== Problem to work on ==
When you reach the line containing "Stuhr 18 Jährige" in the records below, start copying exactly, and stop once you have copied the line containing "Domnesti-Teghes, 10000mp, 50X200, intravilan, acces".

[Stored items from a collection]
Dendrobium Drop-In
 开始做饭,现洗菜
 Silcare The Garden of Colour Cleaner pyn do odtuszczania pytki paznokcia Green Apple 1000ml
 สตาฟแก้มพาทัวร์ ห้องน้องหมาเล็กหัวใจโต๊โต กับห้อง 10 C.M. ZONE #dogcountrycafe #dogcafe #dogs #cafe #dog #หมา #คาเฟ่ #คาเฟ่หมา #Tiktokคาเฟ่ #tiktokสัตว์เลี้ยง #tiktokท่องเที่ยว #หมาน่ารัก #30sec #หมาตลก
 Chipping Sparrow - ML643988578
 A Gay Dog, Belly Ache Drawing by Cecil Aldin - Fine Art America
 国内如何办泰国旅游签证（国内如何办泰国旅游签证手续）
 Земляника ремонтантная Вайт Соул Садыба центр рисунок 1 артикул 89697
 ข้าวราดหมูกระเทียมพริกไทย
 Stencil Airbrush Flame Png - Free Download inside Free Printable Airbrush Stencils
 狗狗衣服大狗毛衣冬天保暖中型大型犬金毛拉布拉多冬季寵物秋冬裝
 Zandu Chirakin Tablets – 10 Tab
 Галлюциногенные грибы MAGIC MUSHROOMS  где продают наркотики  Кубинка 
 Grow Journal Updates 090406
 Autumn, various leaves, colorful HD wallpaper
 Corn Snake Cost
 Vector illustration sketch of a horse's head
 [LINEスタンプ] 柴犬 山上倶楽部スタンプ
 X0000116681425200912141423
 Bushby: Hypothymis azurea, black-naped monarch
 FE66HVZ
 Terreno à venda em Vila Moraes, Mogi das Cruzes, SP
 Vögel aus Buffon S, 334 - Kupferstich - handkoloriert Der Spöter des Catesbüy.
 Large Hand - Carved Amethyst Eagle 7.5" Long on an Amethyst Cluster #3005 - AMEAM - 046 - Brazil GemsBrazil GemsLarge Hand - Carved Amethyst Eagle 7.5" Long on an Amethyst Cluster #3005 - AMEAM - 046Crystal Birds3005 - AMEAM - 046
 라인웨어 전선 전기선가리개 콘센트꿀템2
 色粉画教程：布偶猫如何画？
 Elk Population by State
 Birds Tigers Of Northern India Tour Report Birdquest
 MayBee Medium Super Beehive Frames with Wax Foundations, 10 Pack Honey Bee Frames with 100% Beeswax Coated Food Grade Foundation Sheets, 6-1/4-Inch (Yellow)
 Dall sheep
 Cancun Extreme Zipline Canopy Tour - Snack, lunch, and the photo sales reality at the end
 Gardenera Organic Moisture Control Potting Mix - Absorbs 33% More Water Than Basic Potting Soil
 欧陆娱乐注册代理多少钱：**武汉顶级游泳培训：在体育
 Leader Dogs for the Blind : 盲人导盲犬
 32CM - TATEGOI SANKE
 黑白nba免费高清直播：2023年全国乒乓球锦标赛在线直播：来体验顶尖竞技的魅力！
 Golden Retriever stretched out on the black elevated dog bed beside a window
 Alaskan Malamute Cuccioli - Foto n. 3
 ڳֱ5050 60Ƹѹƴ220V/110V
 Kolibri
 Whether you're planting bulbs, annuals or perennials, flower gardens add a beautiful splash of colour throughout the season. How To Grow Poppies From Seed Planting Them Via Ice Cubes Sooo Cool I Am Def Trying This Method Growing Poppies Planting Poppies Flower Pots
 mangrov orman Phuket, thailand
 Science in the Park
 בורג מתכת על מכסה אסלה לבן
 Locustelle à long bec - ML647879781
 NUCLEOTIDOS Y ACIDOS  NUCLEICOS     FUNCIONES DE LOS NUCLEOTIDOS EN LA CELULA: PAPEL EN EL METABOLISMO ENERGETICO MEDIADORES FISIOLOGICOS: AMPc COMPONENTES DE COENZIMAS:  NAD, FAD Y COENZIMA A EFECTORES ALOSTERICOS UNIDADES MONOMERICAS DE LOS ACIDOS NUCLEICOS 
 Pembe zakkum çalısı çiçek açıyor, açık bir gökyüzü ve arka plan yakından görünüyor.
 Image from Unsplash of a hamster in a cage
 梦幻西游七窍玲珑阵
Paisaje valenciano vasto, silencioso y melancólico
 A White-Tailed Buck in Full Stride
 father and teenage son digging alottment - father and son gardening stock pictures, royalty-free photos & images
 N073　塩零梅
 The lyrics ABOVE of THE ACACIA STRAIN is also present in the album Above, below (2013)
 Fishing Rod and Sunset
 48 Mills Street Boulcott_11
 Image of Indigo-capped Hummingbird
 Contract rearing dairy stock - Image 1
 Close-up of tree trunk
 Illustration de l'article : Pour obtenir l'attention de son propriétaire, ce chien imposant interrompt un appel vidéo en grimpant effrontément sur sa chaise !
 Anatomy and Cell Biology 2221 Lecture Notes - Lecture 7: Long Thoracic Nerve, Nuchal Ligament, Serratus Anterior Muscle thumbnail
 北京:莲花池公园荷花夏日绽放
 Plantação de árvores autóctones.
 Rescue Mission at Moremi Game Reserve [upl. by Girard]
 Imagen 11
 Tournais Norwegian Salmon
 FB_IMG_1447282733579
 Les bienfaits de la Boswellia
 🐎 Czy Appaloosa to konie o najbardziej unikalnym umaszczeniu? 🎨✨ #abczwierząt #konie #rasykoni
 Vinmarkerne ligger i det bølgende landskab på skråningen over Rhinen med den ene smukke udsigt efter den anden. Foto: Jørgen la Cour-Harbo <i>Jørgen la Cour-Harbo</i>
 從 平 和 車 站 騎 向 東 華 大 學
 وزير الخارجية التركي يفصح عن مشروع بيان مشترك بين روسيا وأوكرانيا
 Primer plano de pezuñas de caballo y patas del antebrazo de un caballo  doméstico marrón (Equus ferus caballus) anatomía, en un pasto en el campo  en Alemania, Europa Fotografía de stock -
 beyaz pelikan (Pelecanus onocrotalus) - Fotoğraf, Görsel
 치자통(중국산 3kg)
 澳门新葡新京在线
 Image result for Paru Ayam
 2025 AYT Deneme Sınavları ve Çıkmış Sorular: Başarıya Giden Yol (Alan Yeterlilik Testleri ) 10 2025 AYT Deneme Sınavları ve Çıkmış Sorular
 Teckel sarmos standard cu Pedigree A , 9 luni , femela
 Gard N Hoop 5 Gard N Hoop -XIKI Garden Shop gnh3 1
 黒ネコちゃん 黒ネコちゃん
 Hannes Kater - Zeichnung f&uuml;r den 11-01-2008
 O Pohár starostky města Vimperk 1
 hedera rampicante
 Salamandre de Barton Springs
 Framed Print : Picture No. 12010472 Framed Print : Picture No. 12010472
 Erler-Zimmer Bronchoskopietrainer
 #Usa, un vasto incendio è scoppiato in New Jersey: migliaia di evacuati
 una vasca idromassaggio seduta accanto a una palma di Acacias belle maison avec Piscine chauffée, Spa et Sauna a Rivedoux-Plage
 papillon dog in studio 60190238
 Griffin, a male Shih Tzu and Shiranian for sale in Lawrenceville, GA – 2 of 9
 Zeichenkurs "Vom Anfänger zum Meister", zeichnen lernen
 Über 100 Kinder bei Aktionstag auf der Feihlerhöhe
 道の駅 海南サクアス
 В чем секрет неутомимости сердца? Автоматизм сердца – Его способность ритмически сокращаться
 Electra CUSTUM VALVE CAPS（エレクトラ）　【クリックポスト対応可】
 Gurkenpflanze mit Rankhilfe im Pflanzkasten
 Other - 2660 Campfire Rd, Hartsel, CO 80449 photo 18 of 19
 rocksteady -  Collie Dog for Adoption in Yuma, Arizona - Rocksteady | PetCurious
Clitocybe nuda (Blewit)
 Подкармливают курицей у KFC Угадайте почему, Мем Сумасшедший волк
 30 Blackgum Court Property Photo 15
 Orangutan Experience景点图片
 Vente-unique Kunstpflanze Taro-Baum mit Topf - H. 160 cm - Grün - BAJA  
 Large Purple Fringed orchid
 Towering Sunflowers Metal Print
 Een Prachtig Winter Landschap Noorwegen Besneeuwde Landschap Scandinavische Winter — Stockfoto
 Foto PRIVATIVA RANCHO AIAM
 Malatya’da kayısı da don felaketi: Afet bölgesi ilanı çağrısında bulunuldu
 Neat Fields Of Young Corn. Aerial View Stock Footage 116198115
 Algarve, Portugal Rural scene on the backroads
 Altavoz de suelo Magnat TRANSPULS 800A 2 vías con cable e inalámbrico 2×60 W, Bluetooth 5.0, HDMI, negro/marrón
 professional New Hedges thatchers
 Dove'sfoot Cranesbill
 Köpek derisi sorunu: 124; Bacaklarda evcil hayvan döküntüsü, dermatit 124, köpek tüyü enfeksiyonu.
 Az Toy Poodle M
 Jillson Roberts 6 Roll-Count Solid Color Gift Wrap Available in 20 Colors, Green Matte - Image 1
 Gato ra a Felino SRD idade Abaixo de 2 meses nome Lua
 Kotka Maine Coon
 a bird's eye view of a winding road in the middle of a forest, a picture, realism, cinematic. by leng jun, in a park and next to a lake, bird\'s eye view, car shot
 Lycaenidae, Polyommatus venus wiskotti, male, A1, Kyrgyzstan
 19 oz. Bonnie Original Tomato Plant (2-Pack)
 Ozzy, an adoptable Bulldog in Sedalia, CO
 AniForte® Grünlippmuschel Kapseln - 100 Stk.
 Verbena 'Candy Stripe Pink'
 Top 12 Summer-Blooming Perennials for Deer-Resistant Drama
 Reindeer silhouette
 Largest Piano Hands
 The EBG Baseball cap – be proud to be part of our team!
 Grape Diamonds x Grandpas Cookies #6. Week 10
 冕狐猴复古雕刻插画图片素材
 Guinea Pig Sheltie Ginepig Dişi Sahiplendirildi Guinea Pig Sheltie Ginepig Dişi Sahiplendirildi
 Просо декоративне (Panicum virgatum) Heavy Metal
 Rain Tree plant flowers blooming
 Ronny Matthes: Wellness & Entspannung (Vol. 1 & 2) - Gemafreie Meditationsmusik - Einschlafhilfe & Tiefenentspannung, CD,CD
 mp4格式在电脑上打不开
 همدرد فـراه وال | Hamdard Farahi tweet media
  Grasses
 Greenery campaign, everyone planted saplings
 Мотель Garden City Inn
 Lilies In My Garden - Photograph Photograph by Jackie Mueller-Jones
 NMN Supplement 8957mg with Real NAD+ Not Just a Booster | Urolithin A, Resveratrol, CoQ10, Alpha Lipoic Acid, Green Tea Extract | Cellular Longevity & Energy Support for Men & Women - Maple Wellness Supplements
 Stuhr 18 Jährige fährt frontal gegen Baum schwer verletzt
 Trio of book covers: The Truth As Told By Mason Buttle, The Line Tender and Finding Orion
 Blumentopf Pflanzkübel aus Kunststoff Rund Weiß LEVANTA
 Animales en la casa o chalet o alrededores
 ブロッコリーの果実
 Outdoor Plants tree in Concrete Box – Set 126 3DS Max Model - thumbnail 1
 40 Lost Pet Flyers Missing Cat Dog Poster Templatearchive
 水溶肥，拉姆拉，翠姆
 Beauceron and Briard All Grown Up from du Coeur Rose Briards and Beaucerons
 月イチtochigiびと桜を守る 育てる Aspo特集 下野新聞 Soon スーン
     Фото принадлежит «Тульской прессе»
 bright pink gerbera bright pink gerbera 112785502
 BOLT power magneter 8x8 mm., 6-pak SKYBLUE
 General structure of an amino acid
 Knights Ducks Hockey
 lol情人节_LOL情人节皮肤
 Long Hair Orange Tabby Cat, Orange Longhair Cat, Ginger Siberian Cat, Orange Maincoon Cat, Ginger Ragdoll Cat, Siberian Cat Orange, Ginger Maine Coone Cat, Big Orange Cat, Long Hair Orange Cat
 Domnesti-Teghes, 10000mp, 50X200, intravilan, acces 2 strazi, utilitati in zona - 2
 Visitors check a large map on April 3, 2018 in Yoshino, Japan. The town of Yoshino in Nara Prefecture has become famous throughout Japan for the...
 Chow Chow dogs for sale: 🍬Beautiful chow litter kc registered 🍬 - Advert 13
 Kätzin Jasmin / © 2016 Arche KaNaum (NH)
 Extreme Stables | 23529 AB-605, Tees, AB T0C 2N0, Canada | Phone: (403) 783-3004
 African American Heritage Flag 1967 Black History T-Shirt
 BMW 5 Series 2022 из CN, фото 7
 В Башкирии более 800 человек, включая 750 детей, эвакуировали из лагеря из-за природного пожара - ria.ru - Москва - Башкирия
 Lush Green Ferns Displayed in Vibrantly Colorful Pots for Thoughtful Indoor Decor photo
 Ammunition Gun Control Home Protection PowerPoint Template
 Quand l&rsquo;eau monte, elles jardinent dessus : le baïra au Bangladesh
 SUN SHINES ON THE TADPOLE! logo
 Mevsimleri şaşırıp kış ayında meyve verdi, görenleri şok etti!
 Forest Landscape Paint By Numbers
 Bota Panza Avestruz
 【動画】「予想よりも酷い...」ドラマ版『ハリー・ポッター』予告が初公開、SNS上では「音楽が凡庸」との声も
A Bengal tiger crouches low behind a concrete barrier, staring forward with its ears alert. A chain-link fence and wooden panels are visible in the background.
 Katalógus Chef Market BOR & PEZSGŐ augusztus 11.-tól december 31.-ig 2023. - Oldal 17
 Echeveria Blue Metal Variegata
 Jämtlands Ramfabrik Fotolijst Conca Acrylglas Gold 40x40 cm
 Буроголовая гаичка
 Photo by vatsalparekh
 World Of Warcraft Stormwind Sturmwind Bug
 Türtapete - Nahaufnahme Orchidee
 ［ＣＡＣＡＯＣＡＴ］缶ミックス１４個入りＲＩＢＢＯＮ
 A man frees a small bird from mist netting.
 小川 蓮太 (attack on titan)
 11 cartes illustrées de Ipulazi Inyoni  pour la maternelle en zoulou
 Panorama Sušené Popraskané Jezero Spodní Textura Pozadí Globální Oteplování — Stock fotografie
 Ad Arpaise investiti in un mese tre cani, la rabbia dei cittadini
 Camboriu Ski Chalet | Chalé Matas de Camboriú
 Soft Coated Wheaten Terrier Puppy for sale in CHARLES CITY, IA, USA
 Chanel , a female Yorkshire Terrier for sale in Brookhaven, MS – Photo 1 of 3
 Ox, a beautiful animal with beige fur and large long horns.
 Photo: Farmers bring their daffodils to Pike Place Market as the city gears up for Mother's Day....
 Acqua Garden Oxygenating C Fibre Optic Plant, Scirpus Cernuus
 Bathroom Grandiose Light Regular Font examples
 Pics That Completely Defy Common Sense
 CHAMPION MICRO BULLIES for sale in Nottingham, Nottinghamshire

== Response to the task ==
 Stuhr 18 Jährige fährt frontal gegen Baum schwer verletzt
 Trio of book covers: The Truth As Told By Mason Buttle, The Line Tender and Finding Orion
 Blumentopf Pflanzkübel aus Kunststoff Rund Weiß LEVANTA
 Animales en la casa o chalet o alrededores
 ブロッコリーの果実
 Outdoor Plants tree in Concrete Box – Set 126 3DS Max Model - thumbnail 1
 40 Lost Pet Flyers Missing Cat Dog Poster Templatearchive
 水溶肥，拉姆拉，翠姆
 Beauceron and Briard All Grown Up from du Coeur Rose Briards and Beaucerons
 月イチtochigiびと桜を守る 育てる Aspo特集 下野新聞 Soon スーン
     Фото принадлежит «Тульской прессе»
 bright pink gerbera bright pink gerbera 112785502
 BOLT power magneter 8x8 mm., 6-pak SKYBLUE
 General structure of an amino acid
 Knights Ducks Hockey
 lol情人节_LOL情人节皮肤
 Long Hair Orange Tabby Cat, Orange Longhair Cat, Ginger Siberian Cat, Orange Maincoon Cat, Ginger Ragdoll Cat, Siberian Cat Orange, Ginger Maine Coone Cat, Big Orange Cat, Long Hair Orange Cat
 Domnesti-Teghes, 10000mp, 50X200, intravilan, acces 2 strazi, utilitati in zona - 2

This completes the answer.